Jacoby doesn't criticize nonreligious Americans who vote for these candidates, because no candidate "who full-throatedly endorses nonreligious humanism" is on the ballot. But she's not happy that the "candidates themselves ignore the growing group of secular voters."
She admits — shockingly — that "America is still predominantly a Christian nation," but that's not, in her view, why Christians are more powerful. Christians, she argues, are no more homogenous or monolithic in their views than secularists. Indeed, only evangelicals, as a group, are larger than those Americans "who don't belong to any church." The "unchurched," she says, at 22.8 percent, "make up a larger group than Catholics, any single Protestant denomination and small minorities of Jews, Muslims, and Hindus."
Instead, she thinks secularists are politically weak partly because they are not "joiners" and they reject labels. Many of the religiously unaffiliated would rather not identify with any group than label themselves as atheists or agnostics. Without joiners, she says, you can't create a lobby.
This is all rather bizarre, though, when you consider the inroads secularists have made in our society. In the first place, let's not forget that the Democratic Party booed God at its last convention. And though its presidential candidates may be unwilling to overtly appeal to secularists, they clearly pay homage to goddess Gaia in their quasi-pious adherence to the catechism of climate change. They bow to abortion rights as if abortion were a sacred ritual mandated by a pagan god of child sacrifice.
More important, secular values are in the ascendancy in this nation, not just in our university and culture, but also in the outworking of our laws. Almost overnight, militant secularists have imposed same-sex marriage on society through the super-legislature formally known as the United States Supreme Court. Tyrannical liberal policy makers and judges have forced the federal funding of abortifacients. Formerly free private bakers can't refuse to sell their product for a ceremony that violates their religious beliefs.
Secularists own the curriculum in our public schools and universities. They expel prayer and symbols of Christianity from the public square, our schools and our military institutions. Don't dare be caught voluntarily praying to the God of the Bible in your private time in school, but the school will teach you how to practice the Five Pillars of Islam. Secularists are infringing, selectively, on the freedom of association of Christian groups on campuses. And much more.

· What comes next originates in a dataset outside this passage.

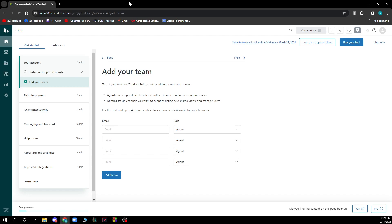Hello guys and welcome back to this channel where today I'll be showing you how to set up Zendesk Help Center. The first thing you need to do is go to zendesk.com and when you're on the website, you need to log into your profile.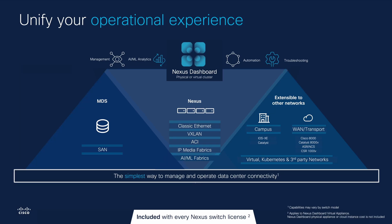In this demonstration, we will display the management, automation, analytics, and troubleshooting platform for Cisco Nexus switches called Nexus Dashboard, which is included at no additional cost with an active Nexus switch license, whether Essentials, Advantage, or Premier.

Don't misunderstand. I do not seek to portray Christians as victims, but for all her concern, Jacoby has nothing to fear from Christians, who would not suppress secularists' liberties. On the other hand, it is undeniable that militant secularists command that society extend tolerance toward everyone except Christians. As hard-nosed secularists have been caught admitting, they simply refuse to tolerate ideas they find intolerable. They have no interest in applying their adage "live and let live" to those odious Christians.
Jacoby is sick of hearing "God bless America" at the end of every major political speech, and longs to hear Thomas Paine's observation that "the most formidable weapon against errors of every kind is Reason."
With all respect to Thomas Paine, I'm not as worried about errors as encroachments on our liberties. And I'd far rather trust one's commitment to the Constitution and rule of law than abstract reason. Christians embrace reason as much as secularists, but as jealous adherents to constitutional liberties, we are much better guardians of liberty for all.